A growing number of central banks around the world are starting to view climate change as a threat to financial stability, and therefore an issue that falls under their purview.
This idea began to take shape in December 2017, when eight central banks and financial supervisory agencies established the Network for Greening the Financial System. The purpose of NGFS was to start a discussion around the magnitude of the risk that global warming poses to the financial system.
In a year and a half it has grown to 36 members, including representation from Asian countries such as China, Singapore, Japan, Malaysia and Thailand. (Notably, the U.S. is not a member.)
This rapid expansion is a clear indication of how seriously financial regulators around the world are taking the issue.
"Climate-related risks are a source of financial risk, and it therefore falls squarely within the mandates of central banks and supervisors to ensure the financial system is resilient to these risks," says Frank Elderson, chair of the NGFS and the representative of the Dutch central bank.
The group published its first full-scale proposal in April this year. It examines the ways extreme weather related to climate change damages assets and causes a significant decline in their value -- and thus poses risks to the stability of the financial system.
Addressing climate risks from a financial perspective was first proposed by U.K. central bank governor Mark Carney in 2015, the year the Paris Agreement was drafted. The NGFS report, which was influenced by Carney's analysis, contains a number of suggestions ranging from very big-picture ideas -- "scenario analysis ... to help central banks and supervisors assess how climate change will impact the macroeconomy" -- to the more practical, such as the need to train employees to identify and analyze climate risks.
The group is working to develop a taxonomy for economic activities that foster the transition to a green, low-carbon economy, and others that are more exposed to climate- and environment-related risks.

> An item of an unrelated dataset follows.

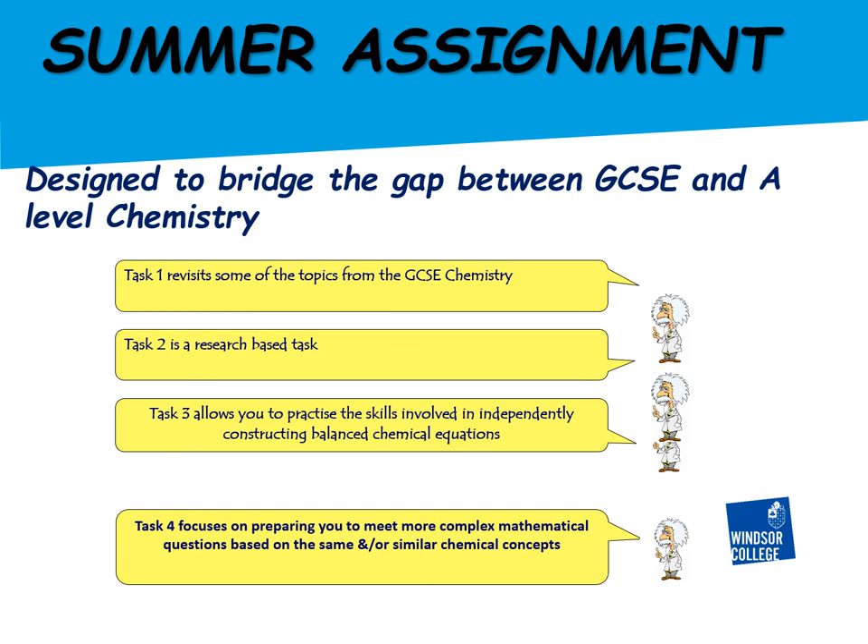The summer assignment work is designed to help bridge the gap between GCSE and A-level chemistry. It will be available to download on the college's website soon. The summer assignment consists of four short tasks to help bridge that gap — please make sure you complete these tasks and bring them with you to your first lesson.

The European Union is also working on a classification system of its own, which is likely to be closely watched by regulators around the world.
"Japanese financial institutions should pay more attention as to how the international financial supervisors [like NGFS] and the EU will cooperate with each other," said Chie Mitsui, an ESG expert at Nomura Research Institute. "If the EU taxonomy is applied to financial regulation, it could urge banks to shift financing from environmentally-unfriendly projects to friendly ones."
For instance, if the EU defines solar power facilities as less risky than coal-fired power plants, and bank regulators employ these definitions, then financial institutions would want to reduce their exposure to coal and increase their exposure to solar.
Naoko Nemoto, an economist at the Asian Development Bank Institute, notes that "ESG [and especially environmental] rule-making has been driven by Europe."
One environmental expert who saw the draft paper of EU taxonomies noted, on condition of anonymity, that they could pose a threat to the interests of Japanese and Asian banks with large exposures to coal-fired power plants.
"Japan should be actively engaged in the international rule-making on ESG, especially 'E,'" says Mana Nakazora, an ESG analyst at BNP Paribas.